● **Work to complete**: Start at the top of the records and, please, print each line exactly through the line that contains "60×43см, фото 2", leaving out all pictures.

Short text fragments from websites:
= = = = = = =

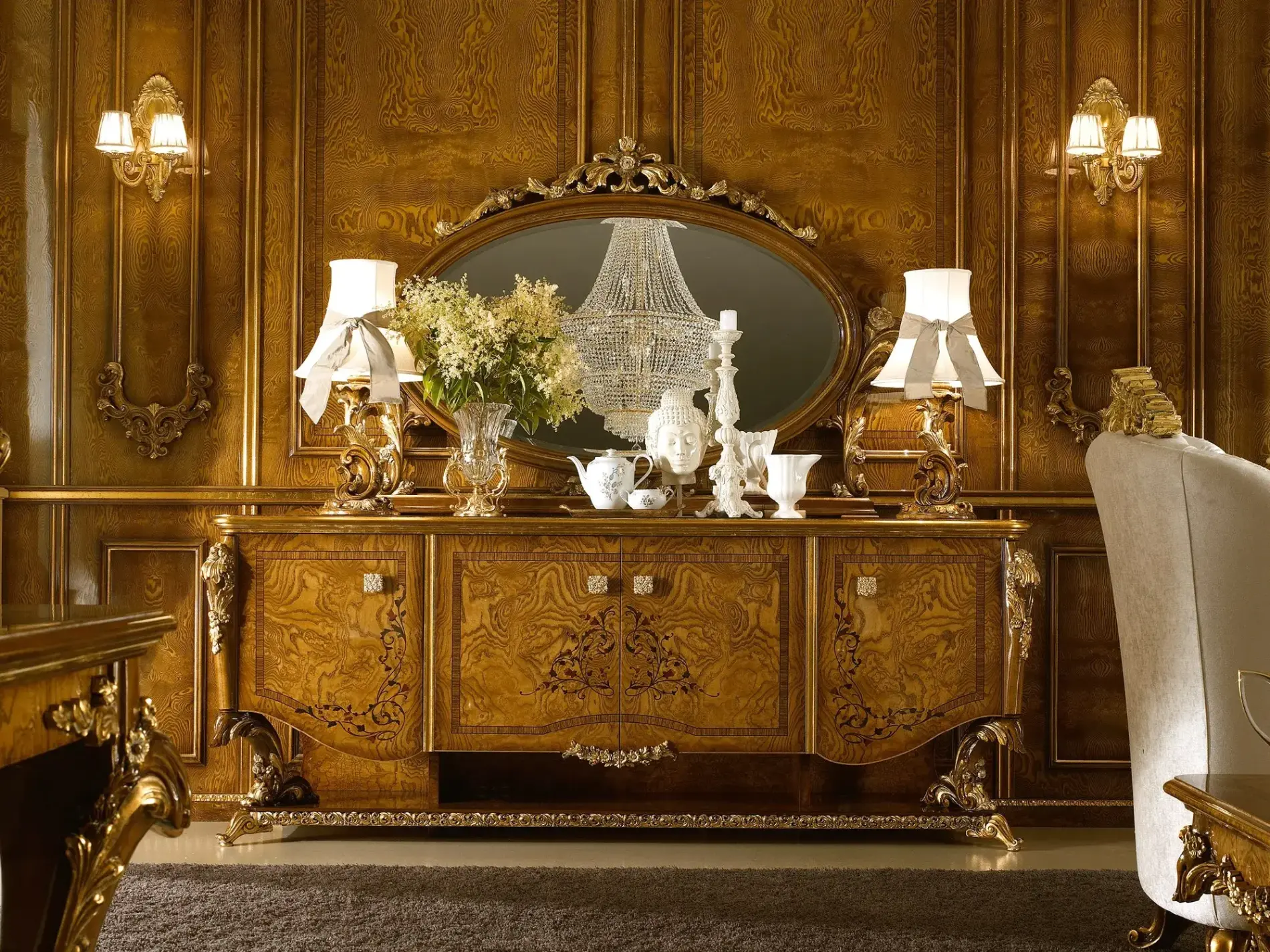 Buffet Italien Dolcevita | Configuration: Sans miroir
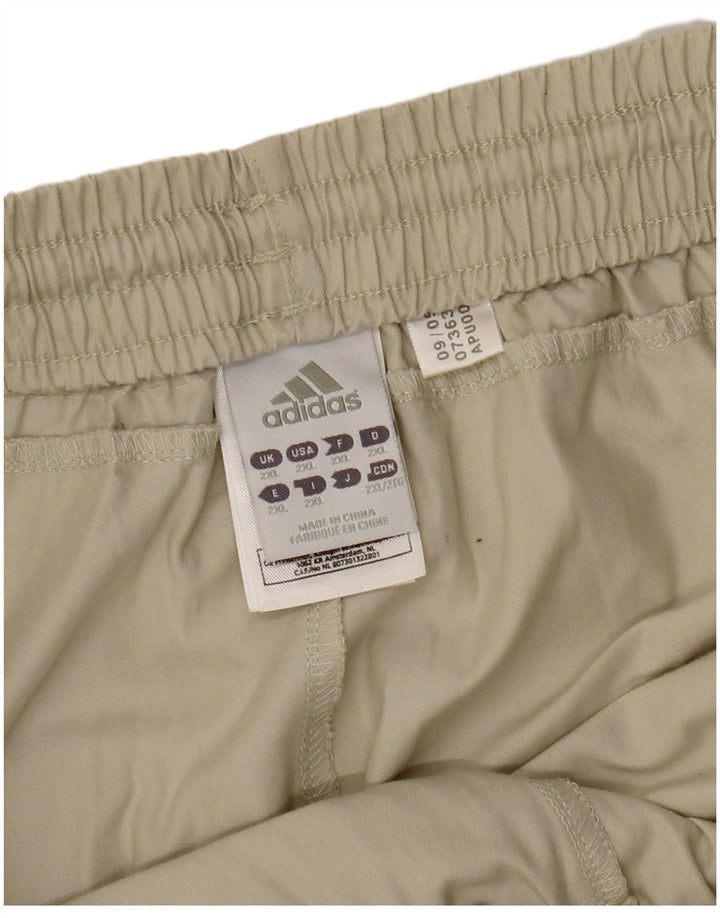 ADIDAS Herren Cargoshorts 2XL W40 Beige Baumwolle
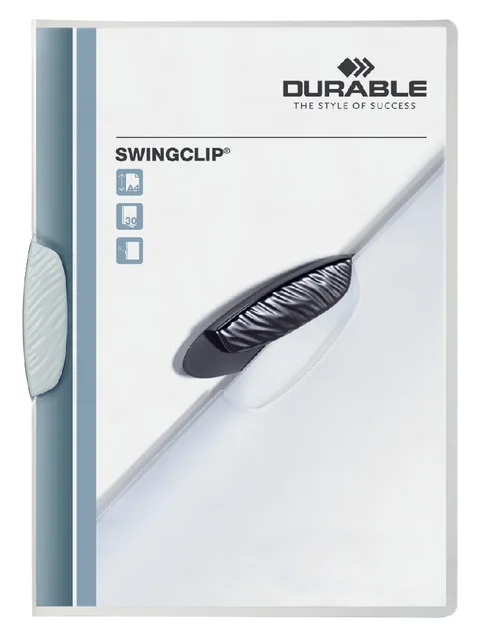 Klemmap Durable Swingclip 30 vellen wit van Durable – productfoto
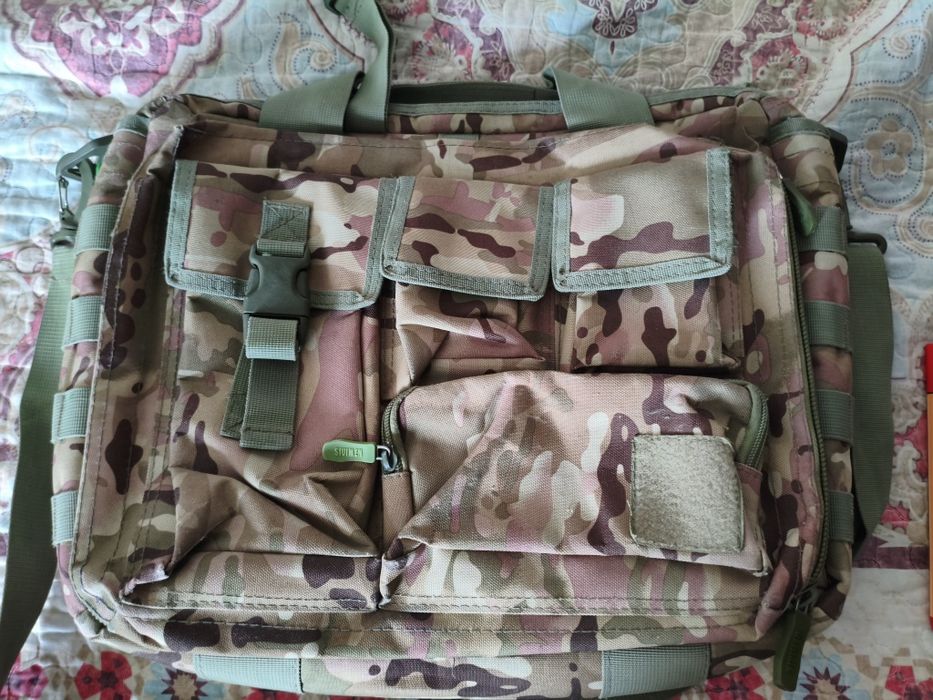 Военная сумка мультикам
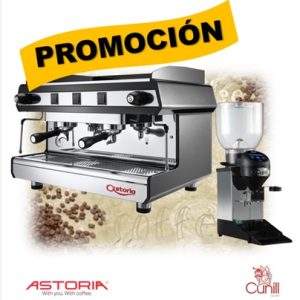 Super Promo Julio: Paquete cafetera + Molino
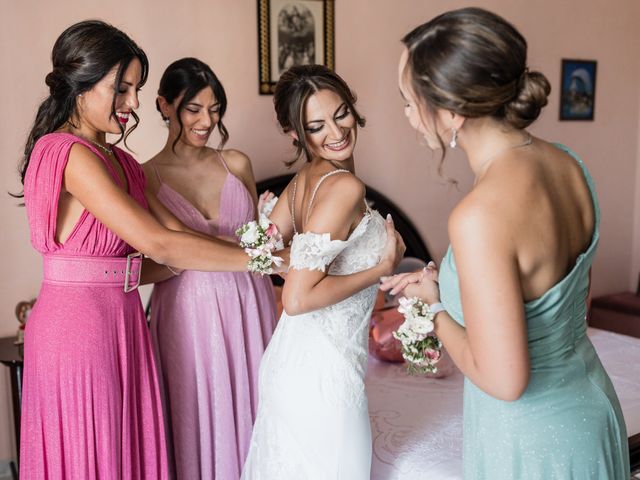 Il matrimonio di Maria Grazia e Isidoro a Trecastagni, Catania 4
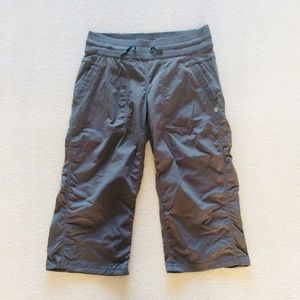 Lululemon Relaxed Fit Cropped Pants Dark Grey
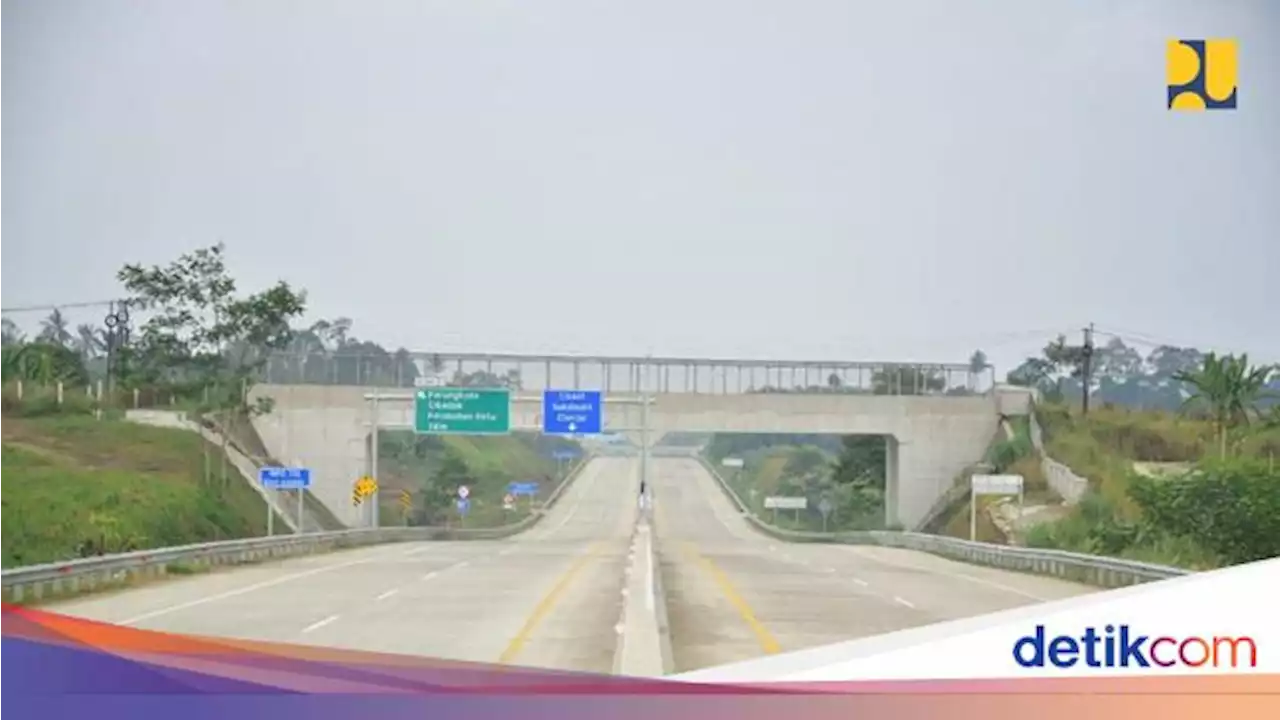 3 Fakta Tol yang Pangkas Waktu Jakarta-Sukabumi Jadi 2,5 Jam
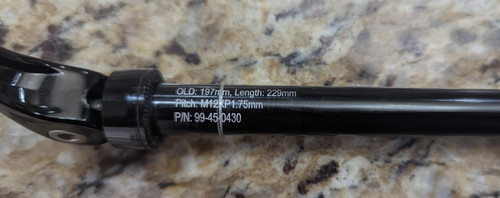 Diamondback alloy rear thru - diamondback,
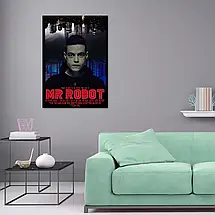 Плакат "Пан Робот, Mr.Robot", 60×43см, фото 2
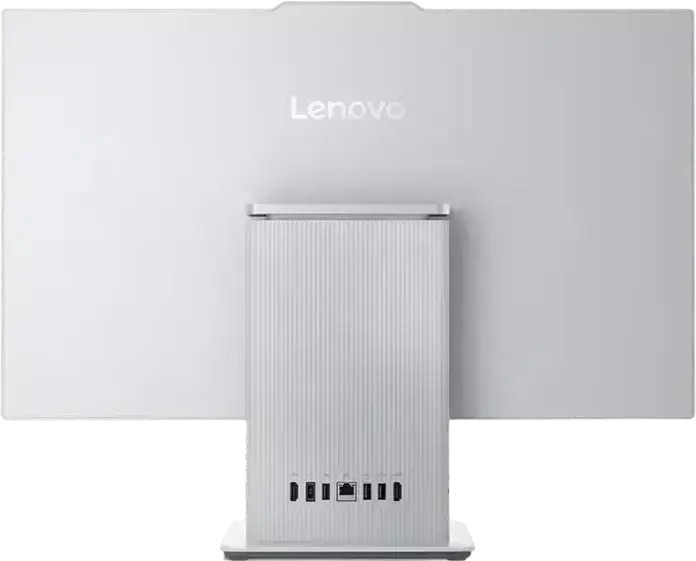 Lenovo IdeaCentre AIO 27ARR9 All-in-One PC, 27" FHD IPS Anti-glare, AMD Ryzen 7 7735HS, 16GB DDR5, 512GB SSD, AMD Radeon 660M, Wi-Fi 6, Cloud Grey, No OS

= = = = = = =

● **Finished exercise**:
 Buffet Italien Dolcevita | Configuration: Sans miroir
 ADIDAS Herren Cargoshorts 2XL W40 Beige Baumwolle
 Klemmap Durable Swingclip 30 vellen wit van Durable – productfoto
 Военная сумка мультикам
 Super Promo Julio: Paquete cafetera + Molino
 Il matrimonio di Maria Grazia e Isidoro a Trecastagni, Catania 4
 Lululemon Relaxed Fit Cropped Pants Dark Grey
 3 Fakta Tol yang Pangkas Waktu Jakarta-Sukabumi Jadi 2,5 Jam
 Diamondback alloy rear thru - diamondback,
 Плакат "Пан Робот, Mr.Robot", 60×43см, фото 2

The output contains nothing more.